■ **Work required**
Starting at the top of the records below, write out each line exactly as it stands, stopping after the line with "Hyper HyperDrive Flex"; exclude the pictures.

■ **Records shown**
# # #

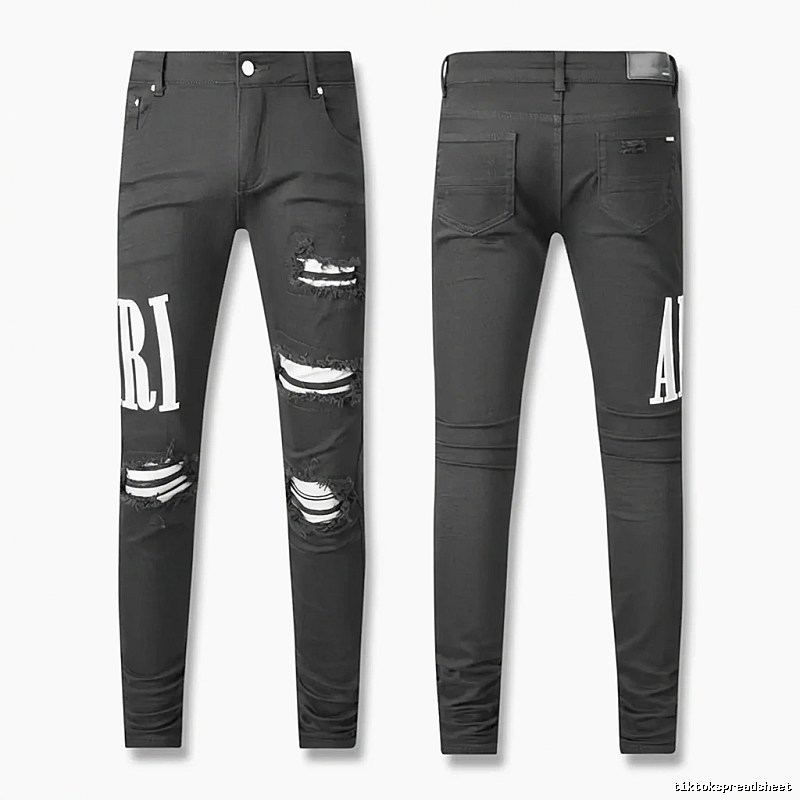 AMI Trendy Black Jeans with Ripped Holes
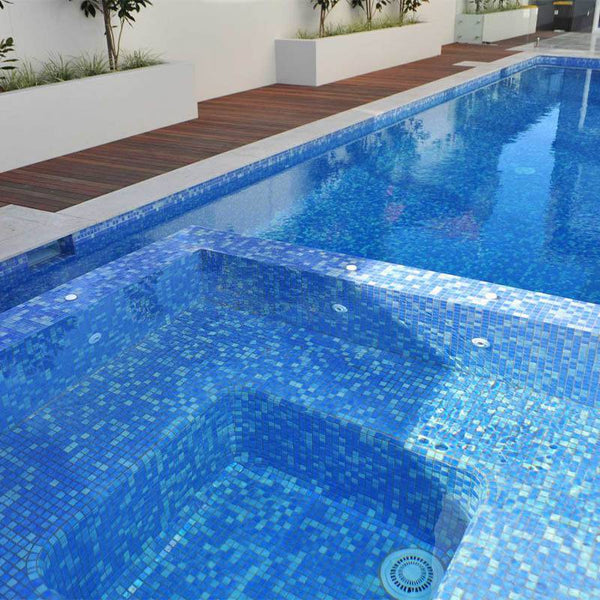 AUS Arctic Dark Glass Mosaic Pool Tile - Stone and Tile Projects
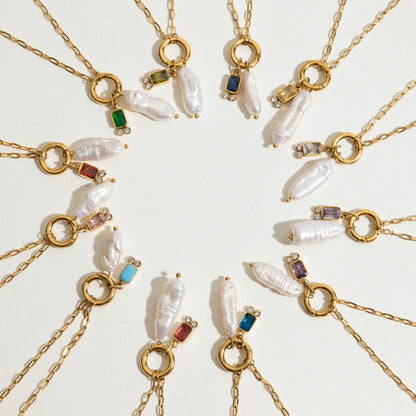 [GALE]Caitlin Birthstone Pearl Necklace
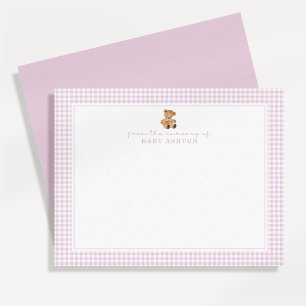 Rosa Gingham-Teddybär-Kinderzimmer-Notizkarte Ankündigung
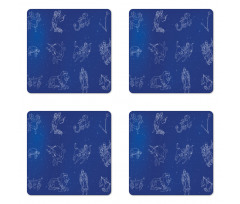 Horoscope Constellation Sky Coaster Set Of Four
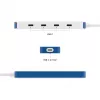 Hyper HyperDrive Flex 4 Portu USB-C Centrmezgls, Balts/Zils | HD5201BUGL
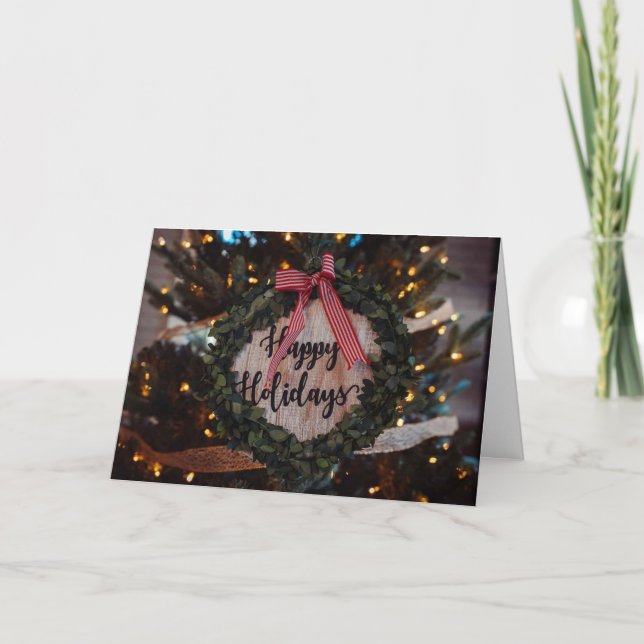 CARTES POUR FÊTES ANNUELLES BELLE RÉCOLTE AVEC UN BON MESSAGE DE VACANCES (Devant)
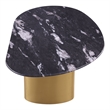 Bowery Hill Stone Top Oval Coffee Table in Stainless Steel and Multi-Color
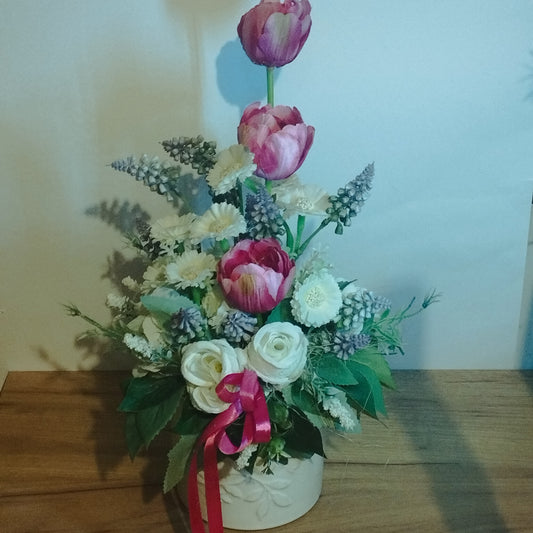 Tulipános ,gyöngyikés dísz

# # #

■ **Answer to this task**
 AMI Trendy Black Jeans with Ripped Holes
 AUS Arctic Dark Glass Mosaic Pool Tile - Stone and Tile Projects
 [GALE]Caitlin Birthstone Pearl Necklace
 Rosa Gingham-Teddybär-Kinderzimmer-Notizkarte Ankündigung
 Horoscope Constellation Sky Coaster Set Of Four
 Hyper HyperDrive Flex 4 Portu USB-C Centrmezgls, Balts/Zils | HD5201BUGL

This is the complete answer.